Wie gesagt, sind diese Leitlinien offiziell «abgelaufen» bzw. in der Überarbeitung. Diese Überarbeitung ist jedoch in der Endphase und eine baldige Publikation ist zu erwarten. Hier geht es direkt zur Homepage der AWMF bzw. zu den Leitlinien UEMF.
Die International clinical practice recommendations on the definition, diagnosis, assessment, intervention, and psychosocial aspects of developmental coordination disorder sind bereits publiziert und hier frei zugänglich.
Literatur
ÄZQ-Portal / Ärztliches Zentrum für Qualität in der Medizin (2016): Leitliniengrundlagen. Hg. v. Bundesärztekammer, Kassenärztliche Bundesvereinigung und Arbeitsgemeinschaft der Wissenschaftlichen Medizinischen Fachgesellschaften. Berlin. Online verfügbar unter https://www.leitlinien.de/leitlinien-grundlagen, zuletzt aktualisiert am 12.09.2016, zuletzt geprüft am 15.04.2020.

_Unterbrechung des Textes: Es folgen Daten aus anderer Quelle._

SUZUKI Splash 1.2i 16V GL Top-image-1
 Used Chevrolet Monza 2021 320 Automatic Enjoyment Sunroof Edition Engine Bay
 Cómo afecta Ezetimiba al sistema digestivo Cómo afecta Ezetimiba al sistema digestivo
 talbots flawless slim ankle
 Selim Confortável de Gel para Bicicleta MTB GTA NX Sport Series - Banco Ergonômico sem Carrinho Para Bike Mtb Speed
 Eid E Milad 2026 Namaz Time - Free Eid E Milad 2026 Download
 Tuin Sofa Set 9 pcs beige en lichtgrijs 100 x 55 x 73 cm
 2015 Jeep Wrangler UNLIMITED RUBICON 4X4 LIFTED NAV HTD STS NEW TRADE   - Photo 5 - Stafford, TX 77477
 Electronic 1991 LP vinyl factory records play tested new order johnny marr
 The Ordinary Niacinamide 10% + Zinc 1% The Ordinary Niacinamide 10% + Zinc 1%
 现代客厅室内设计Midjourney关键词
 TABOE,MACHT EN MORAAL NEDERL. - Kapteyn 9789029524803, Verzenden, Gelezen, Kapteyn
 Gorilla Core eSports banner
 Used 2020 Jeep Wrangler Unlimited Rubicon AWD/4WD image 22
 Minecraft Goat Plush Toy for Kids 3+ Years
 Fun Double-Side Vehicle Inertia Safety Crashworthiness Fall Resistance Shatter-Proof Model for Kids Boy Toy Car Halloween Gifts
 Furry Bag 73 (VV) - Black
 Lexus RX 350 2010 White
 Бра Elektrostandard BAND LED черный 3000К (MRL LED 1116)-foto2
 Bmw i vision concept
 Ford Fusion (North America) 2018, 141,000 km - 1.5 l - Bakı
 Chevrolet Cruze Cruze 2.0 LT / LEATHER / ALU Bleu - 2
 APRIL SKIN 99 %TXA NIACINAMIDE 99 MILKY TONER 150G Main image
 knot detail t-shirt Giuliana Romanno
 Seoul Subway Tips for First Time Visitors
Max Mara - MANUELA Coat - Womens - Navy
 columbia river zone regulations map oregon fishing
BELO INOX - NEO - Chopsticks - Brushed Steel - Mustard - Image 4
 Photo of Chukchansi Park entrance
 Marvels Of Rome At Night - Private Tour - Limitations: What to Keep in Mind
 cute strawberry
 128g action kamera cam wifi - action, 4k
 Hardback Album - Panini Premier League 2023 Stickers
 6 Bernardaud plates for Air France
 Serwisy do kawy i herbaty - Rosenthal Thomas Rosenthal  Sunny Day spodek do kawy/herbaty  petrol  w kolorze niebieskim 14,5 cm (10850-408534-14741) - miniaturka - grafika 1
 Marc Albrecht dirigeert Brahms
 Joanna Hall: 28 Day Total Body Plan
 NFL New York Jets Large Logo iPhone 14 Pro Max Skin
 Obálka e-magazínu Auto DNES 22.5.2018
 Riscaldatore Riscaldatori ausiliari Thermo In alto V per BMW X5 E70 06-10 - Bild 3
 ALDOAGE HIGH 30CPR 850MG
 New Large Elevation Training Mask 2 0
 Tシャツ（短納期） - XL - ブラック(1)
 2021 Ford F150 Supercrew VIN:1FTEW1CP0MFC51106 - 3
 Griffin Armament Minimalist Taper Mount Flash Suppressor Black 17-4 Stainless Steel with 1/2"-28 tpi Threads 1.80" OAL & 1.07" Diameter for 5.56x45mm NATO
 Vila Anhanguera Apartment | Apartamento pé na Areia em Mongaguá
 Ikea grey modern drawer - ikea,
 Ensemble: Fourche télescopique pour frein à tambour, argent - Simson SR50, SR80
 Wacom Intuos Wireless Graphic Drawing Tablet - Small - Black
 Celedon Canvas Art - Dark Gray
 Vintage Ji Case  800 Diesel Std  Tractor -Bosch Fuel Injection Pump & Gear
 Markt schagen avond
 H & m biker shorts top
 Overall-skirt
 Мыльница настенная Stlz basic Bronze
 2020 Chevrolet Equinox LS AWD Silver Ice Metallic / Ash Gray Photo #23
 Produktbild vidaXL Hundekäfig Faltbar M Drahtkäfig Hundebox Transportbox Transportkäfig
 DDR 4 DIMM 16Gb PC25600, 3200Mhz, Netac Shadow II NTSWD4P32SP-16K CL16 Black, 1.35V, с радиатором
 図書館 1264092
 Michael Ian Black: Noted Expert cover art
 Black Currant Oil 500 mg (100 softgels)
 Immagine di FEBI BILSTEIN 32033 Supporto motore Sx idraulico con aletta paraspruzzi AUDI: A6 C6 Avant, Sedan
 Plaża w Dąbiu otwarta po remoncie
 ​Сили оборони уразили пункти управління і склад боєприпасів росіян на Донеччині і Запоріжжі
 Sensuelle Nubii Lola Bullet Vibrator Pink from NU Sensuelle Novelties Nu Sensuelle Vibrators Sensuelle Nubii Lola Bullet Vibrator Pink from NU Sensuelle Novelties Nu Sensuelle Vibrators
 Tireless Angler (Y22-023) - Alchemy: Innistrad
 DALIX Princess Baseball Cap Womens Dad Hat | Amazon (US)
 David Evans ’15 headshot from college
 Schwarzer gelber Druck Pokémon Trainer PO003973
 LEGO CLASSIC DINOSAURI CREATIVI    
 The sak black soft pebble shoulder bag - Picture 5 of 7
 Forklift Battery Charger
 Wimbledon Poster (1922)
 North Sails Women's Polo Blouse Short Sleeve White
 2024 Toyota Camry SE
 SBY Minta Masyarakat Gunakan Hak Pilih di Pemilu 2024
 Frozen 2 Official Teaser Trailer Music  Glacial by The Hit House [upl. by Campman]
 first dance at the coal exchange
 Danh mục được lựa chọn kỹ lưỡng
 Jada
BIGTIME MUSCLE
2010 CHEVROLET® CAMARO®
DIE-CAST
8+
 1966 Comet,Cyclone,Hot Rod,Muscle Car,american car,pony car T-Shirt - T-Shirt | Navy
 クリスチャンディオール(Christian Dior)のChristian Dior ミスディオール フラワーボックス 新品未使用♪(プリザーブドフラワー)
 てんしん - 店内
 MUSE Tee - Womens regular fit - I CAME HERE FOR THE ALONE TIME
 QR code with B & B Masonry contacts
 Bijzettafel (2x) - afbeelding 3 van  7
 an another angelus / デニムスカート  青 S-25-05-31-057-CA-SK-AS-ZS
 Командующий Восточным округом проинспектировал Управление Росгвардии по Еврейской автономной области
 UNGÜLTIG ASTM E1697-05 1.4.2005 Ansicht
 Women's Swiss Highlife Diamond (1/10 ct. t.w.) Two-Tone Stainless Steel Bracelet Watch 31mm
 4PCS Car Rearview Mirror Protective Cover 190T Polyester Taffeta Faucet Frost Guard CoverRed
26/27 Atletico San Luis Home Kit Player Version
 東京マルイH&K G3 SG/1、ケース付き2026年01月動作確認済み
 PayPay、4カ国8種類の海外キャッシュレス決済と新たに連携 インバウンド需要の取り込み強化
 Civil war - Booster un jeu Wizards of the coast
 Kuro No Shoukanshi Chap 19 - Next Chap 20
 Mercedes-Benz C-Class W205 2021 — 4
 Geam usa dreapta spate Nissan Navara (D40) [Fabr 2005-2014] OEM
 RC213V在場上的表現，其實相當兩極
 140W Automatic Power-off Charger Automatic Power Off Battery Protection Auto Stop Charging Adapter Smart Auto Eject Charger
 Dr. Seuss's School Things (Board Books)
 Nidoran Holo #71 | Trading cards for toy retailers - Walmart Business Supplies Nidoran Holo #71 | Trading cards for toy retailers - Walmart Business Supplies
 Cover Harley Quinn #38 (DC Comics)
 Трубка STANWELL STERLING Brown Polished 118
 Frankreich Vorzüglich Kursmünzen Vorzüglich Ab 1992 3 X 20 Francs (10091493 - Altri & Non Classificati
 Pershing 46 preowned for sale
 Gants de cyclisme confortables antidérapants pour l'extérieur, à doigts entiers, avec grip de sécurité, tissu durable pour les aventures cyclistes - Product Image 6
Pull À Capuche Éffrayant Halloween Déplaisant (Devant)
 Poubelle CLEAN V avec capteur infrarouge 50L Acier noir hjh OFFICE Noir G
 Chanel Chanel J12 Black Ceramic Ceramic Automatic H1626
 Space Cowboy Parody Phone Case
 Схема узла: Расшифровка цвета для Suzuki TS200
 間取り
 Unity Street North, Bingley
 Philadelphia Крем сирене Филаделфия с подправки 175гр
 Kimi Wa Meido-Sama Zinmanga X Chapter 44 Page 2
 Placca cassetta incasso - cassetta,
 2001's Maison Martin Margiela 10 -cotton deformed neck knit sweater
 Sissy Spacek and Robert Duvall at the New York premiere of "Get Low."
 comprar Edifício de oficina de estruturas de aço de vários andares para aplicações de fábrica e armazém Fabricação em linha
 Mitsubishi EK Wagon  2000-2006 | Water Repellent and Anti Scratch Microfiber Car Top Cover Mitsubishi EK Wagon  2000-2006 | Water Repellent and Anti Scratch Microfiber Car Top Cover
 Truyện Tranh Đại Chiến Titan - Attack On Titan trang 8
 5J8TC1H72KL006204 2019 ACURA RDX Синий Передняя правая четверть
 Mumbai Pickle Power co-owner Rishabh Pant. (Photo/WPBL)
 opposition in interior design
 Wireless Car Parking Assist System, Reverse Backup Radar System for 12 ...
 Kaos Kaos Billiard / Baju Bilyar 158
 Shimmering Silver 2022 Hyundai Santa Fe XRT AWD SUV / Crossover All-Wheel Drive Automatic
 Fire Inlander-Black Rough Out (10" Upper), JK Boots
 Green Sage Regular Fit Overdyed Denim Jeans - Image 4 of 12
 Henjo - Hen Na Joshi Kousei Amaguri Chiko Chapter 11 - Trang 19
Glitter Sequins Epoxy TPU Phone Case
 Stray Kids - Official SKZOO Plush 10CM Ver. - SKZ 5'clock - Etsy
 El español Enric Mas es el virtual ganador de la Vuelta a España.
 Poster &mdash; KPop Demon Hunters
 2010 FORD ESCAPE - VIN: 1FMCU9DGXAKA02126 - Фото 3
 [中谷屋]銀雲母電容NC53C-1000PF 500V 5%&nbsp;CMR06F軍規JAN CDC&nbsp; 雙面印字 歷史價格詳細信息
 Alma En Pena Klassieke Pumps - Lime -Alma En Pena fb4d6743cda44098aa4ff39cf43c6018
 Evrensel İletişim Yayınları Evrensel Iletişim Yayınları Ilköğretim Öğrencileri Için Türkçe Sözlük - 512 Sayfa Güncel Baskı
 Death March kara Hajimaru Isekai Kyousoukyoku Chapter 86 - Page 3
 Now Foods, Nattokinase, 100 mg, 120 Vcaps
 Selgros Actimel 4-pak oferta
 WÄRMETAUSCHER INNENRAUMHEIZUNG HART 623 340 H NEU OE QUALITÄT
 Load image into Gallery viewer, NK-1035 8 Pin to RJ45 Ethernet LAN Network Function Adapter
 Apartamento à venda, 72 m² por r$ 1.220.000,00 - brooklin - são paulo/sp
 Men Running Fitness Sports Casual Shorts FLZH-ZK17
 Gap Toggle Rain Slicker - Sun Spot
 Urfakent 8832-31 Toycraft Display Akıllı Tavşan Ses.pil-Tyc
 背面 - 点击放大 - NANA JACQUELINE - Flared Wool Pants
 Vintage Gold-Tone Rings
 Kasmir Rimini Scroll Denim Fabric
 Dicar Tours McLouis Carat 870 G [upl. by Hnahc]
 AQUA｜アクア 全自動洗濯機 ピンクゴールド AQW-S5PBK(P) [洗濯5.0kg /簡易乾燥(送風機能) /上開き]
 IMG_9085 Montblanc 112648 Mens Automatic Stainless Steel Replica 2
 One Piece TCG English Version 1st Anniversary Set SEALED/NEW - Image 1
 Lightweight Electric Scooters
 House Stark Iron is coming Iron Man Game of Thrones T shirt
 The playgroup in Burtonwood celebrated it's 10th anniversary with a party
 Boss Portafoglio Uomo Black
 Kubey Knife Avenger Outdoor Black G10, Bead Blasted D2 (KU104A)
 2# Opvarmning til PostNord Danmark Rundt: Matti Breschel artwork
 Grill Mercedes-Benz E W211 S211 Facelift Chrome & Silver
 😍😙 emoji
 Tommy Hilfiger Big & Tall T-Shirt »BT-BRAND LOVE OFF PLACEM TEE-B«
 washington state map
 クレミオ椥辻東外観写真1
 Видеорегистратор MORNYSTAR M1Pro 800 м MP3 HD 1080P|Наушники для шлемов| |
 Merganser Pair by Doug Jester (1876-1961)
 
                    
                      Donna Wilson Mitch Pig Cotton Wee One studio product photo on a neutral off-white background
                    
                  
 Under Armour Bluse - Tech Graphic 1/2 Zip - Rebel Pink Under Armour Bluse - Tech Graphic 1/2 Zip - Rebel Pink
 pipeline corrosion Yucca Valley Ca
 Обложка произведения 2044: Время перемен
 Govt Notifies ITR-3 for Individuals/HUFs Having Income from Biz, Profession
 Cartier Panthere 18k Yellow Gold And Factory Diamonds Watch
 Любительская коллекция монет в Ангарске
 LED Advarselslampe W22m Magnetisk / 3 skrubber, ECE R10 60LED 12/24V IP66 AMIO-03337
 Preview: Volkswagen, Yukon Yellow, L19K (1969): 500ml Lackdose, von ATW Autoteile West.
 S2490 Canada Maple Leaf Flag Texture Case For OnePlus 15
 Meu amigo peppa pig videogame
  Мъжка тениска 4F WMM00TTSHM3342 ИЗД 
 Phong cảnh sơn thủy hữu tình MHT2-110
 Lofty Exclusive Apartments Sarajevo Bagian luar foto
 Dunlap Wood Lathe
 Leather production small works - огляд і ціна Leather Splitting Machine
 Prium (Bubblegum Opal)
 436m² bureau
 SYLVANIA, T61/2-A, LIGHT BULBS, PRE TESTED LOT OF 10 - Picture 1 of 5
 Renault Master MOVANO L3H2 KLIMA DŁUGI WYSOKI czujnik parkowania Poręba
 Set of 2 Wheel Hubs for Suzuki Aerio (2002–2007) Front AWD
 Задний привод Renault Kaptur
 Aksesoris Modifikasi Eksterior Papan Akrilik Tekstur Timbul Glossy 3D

Becker, H., Blank, R., Jenni, O., Linder-Lucht, M., Polatajko, H., Steiner, F., Geuze, R., Smits-Engelsman, B., Wilson, P., Akhbari-Ziegler, Sch., Buchmann, J., Jagusch-Espei, A., Jenni, O., Linder-Lucht, M., Mall, V., Mundt, A., Oberle, A., Schmid, R., Seeländer, J., Steiner, F., Trillen-Krayenbühl, H., Werthmann, R. (Mitarbeiter) (Arbeitsgemeinschaft der Wissenschaftlichen Medizinischen Fachgesellschaften e.V. (AWMF), Hrsg.). (2011). Deutsch-Schweizerische Versorgungsleitlinie zu Definition, Störungsmechanismen, Untersuchung und Therapie bei Umschriebenen Entwicklungsstörungen Motorischer Funktionen (UEMF)basierend auf internationalen Empfehlungen (EACD-Consensus).
Blank, Rainer; Barnett, Anna L.; Cairney, John; Green, Dido; Kirby, Amanda; Polatajko, Helene et al. (2019): International clinical practice recommendations on the definition, diagnosis, assessment, intervention, and psychosocial aspects of developmental coordination disorder. In: Developmental medicine and child neurology 61 (3), S. 242–285. DOI: 10.1111/dmcn.14132.